Questa lettura dei fatti finisce dunque col presentare il Papa emerito come succube di pressioni e incapace di resistere a queste stesse pressioni. Nel libro-intervista «Ultime conversazioni» con Peter Seewald, il giornalista tedesco aveva posto a Ratzinger una domanda esplicita sui giornali che parlano di «ricatto e cospirazione». «Sono tutte assurdità», aveva risposto perentoriamente il Papa emerito «lucidissimo nel pensiero», derubricando a fanta-thriller queste elucubrazioni. «Devo dire – aveva aggiunto – che il fatto che un uomo, per qualsivoglia ragione, si sia immaginato di dover provocare uno scandalo per purificare la Chiesa è una vicenda insignificante. Ma nessuno ha cercato di ricattarmi. Non l’avrei nemmeno permesso. Se avessero provato a farlo non me ne sarei andato perché non bisogna lasciare quando si è sotto pressione. E non è nemmeno vero che ero deluso o cose simili. Anzi, grazie a Dio, ero nello stato d’animo pacifico di chi ha superato la difficoltà. Lo stato d’animo in cui si può passare tranquillamente il timone a chi viene dopo».
Da notare come Benedetto XVI tenga a sottolineare quanto segue: «Se avessero provato a farlo non me ne sarei andato perché non bisogna lasciare quando si è sotto pressione». Dopo l’uscita del libro-intervista, come pure del colloquio che conclude il bel libro biografico curato da Elio Guerriero, che oltre a spiegare le motivazioni della rinuncia contiene anche parole di apprezzamento per il successore, i teorici del complotto hanno reagito di fatto dando a Ratzinger del bugiardo: si sarebbe dimesso perché sotto pressione e sotto ricatto, ma ovviamente non sarebbe in grado di confermarlo, e anzi sarebbe costretto a dire pubblicamente il contrario.

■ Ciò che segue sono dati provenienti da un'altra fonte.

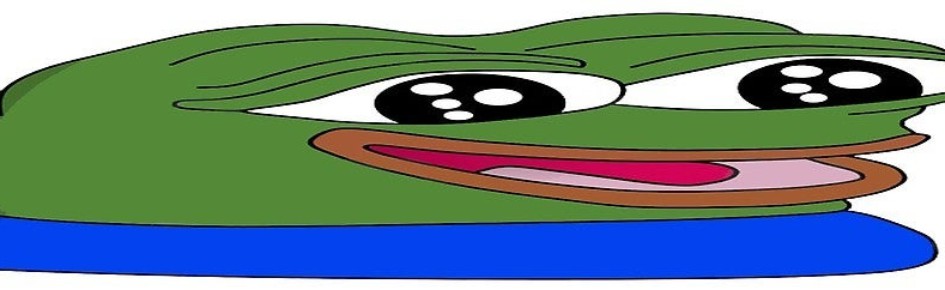 zepam Discord Server Banner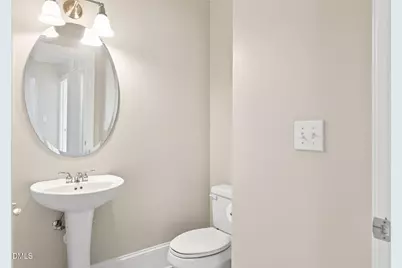 423 Waterford Lake Drive, Cary, NC 27519 - Photo 32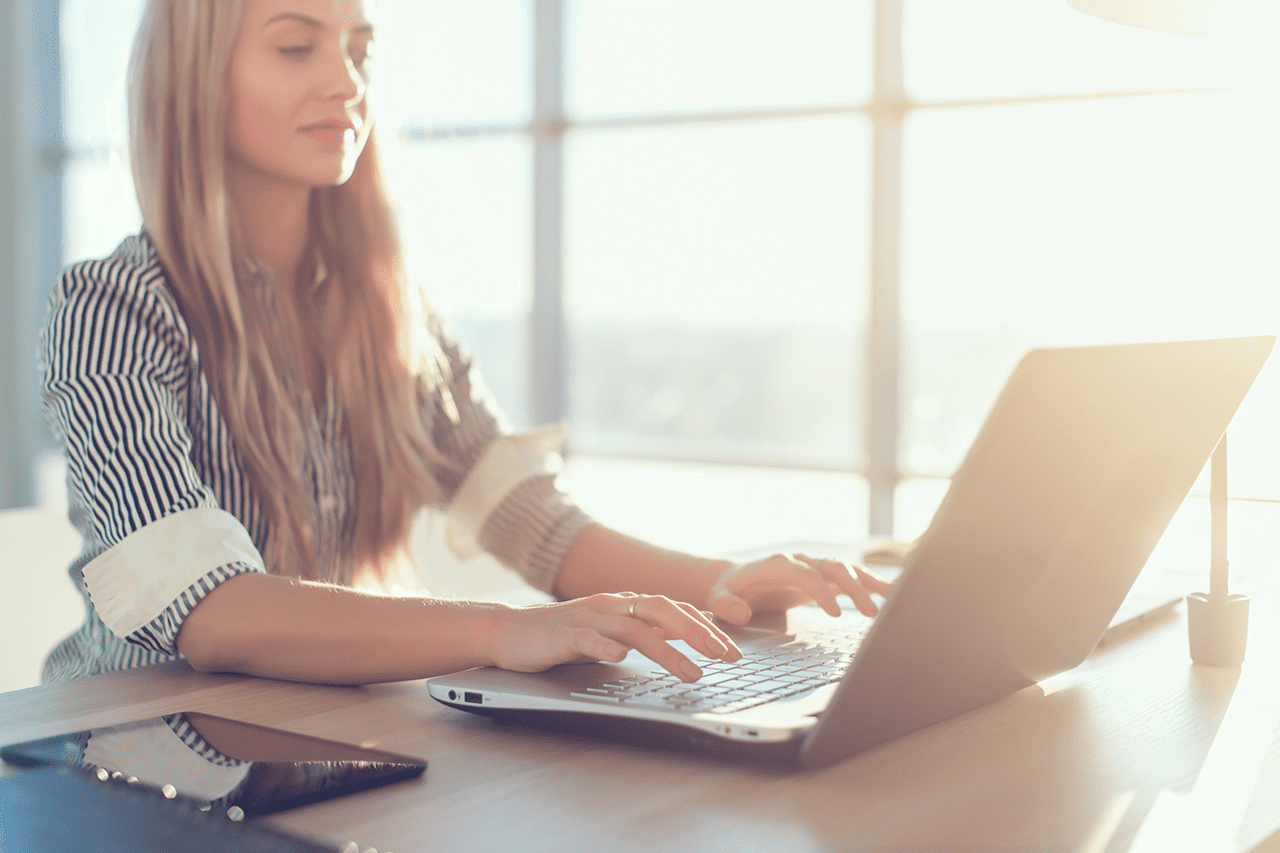 Learn the Power of Content for Your Website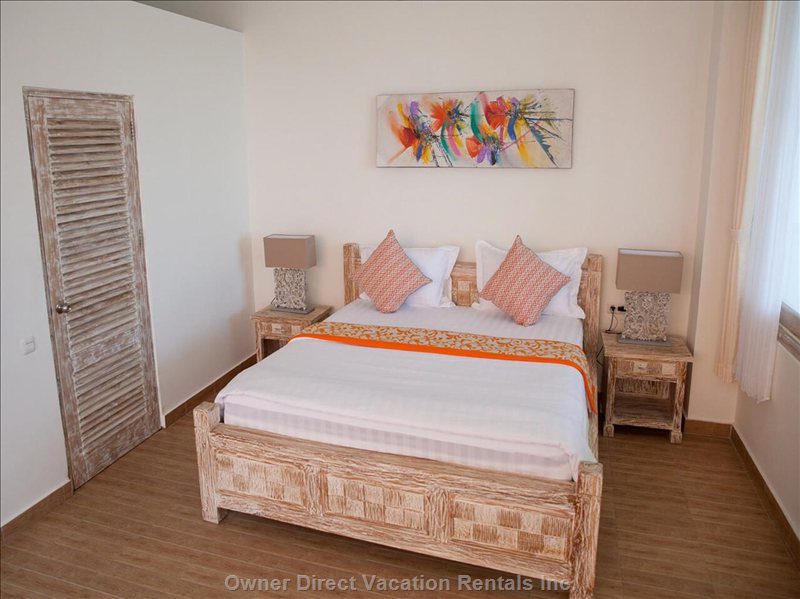  bondalem beach club vacation rentals vacation rentals indonesia bali denpasar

Questo fanta-thriller va di pari passo con altre affermazioni per certi versi ancora più gravi, le teorie sul «papato condiviso» e sul «ministero petrino» in co-gestione. Teorie che negli ultimi anni hanno annoverato alcuni sostenitori, mettendo in discussione, questa volta per davvero, la tradizione della Chiesa e la sua divina costituzione. Resta aperta la domanda su quanto alcune scelte personali, e mai codificate per iscritto, fatte da Benedetto XVI – come quella di mantenere l’abito bianco e il nome papale, come pure la scelta della figura dell’emeritato – abbiano involontariamente alimentato i seguaci della teoria dei due Papi poi degenerata nella teoria del Papa rinunciatario perché sotto ricatto. Come pure resta aperta la domanda su quei visitatori che recandosi di frequente a trovare Benedetto fanno poi uso di queste entrature per affermare l’esatto opposto di quel che lo stesso Ratzinger ha detto pubblicamente.